[RECORDS PROVIDED Boundary: Start]

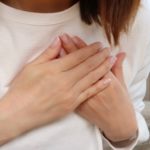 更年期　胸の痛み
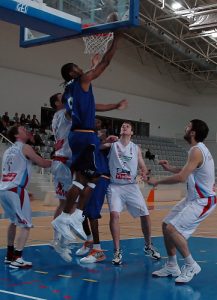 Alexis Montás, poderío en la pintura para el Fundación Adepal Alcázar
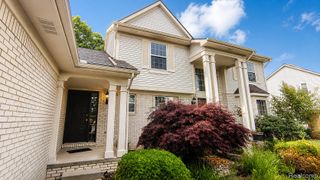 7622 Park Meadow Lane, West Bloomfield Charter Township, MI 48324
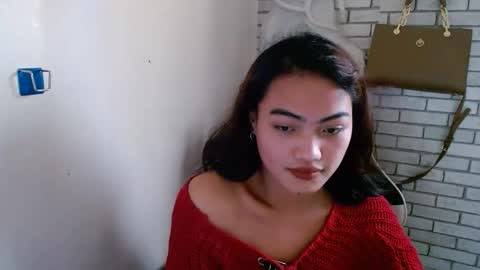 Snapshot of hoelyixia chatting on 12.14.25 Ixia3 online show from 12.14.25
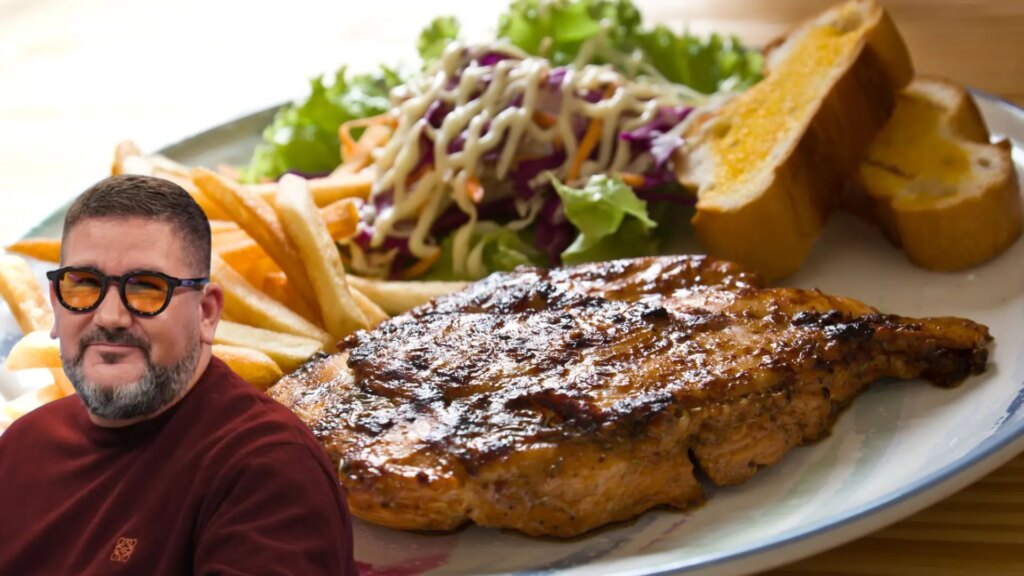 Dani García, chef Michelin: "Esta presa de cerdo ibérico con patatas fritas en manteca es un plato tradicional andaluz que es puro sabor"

[RECORDS PROVIDED Boundary: End]
[RECORDS PROVIDED Boundary: Start]

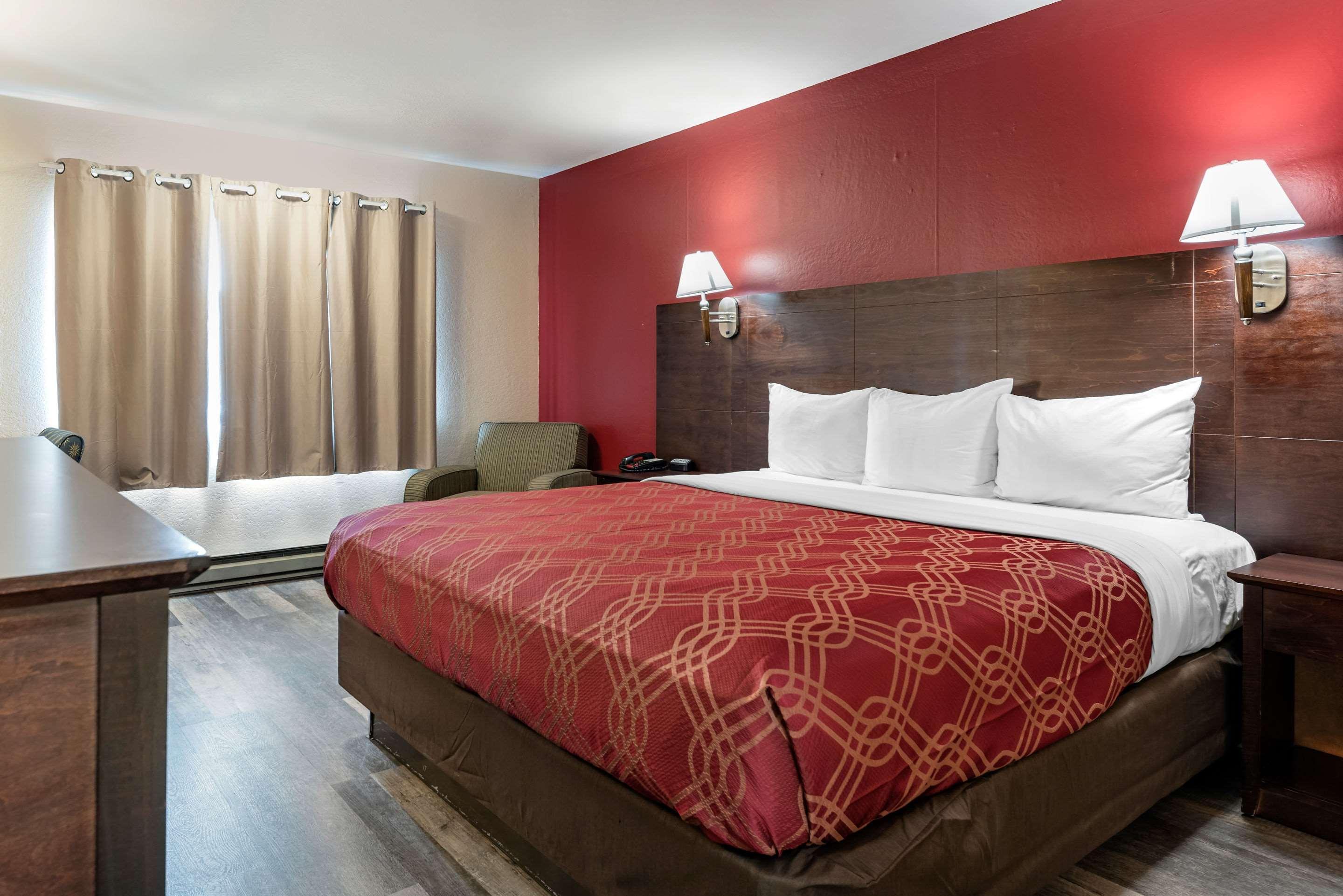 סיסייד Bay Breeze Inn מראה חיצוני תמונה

[RECORDS PROVIDED Boundary: End]

> _WORK TASK_
Using the data above, return the lines from the one holding "7622 Park Meadow" through the one holding "Dani García, chef" exactly, but not the pictures.

> _WRITTEN ANSWER_
 7622 Park Meadow Lane, West Bloomfield Charter Township, MI 48324
 Snapshot of hoelyixia chatting on 12.14.25 Ixia3 online show from 12.14.25
 Dani García, chef Michelin: "Esta presa de cerdo ibérico con patatas fritas en manteca es un plato tradicional andaluz que es puro sabor"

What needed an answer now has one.